_Task statement_
Each line of the entries below that holds "Women" is needed, copied in full.

_Provided records_
Start of Block

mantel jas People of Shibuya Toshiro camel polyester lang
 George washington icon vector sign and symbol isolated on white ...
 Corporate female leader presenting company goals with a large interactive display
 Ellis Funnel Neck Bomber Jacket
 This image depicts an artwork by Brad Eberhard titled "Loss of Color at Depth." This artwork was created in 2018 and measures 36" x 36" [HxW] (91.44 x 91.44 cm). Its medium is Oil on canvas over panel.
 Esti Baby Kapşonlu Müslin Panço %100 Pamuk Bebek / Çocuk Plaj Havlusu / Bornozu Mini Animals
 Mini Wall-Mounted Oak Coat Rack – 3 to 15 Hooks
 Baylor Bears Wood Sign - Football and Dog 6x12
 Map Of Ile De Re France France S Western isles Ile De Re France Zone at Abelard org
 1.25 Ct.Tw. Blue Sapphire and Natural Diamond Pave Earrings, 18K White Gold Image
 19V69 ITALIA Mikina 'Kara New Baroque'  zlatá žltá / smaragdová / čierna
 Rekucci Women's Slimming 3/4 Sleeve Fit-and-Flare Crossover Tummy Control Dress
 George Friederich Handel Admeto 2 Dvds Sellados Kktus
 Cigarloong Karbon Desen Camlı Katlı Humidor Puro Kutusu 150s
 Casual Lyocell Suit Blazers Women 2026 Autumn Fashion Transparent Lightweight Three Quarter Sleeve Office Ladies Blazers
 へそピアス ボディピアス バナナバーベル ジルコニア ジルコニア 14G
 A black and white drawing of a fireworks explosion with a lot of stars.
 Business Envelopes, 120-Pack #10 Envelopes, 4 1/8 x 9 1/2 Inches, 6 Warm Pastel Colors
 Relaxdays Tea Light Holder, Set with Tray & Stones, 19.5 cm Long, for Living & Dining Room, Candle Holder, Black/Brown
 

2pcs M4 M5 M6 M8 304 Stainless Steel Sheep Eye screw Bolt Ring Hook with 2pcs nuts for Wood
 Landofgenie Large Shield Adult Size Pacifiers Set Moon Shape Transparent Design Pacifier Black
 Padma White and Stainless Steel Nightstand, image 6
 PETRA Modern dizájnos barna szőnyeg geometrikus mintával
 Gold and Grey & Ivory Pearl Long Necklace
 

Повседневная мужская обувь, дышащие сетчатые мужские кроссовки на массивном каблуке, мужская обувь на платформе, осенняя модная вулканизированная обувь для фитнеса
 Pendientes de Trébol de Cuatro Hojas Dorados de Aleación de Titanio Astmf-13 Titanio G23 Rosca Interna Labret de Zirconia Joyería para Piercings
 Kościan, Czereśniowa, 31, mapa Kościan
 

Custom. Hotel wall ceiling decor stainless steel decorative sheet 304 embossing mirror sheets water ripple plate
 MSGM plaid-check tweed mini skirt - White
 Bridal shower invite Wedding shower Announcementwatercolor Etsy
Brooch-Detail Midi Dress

End of Block

_Exercise response_
 Rekucci Women's Slimming 3/4 Sleeve Fit-and-Flare Crossover Tummy Control Dress
 Casual Lyocell Suit Blazers Women 2026 Autumn Fashion Transparent Lightweight Three Quarter Sleeve Office Ladies Blazers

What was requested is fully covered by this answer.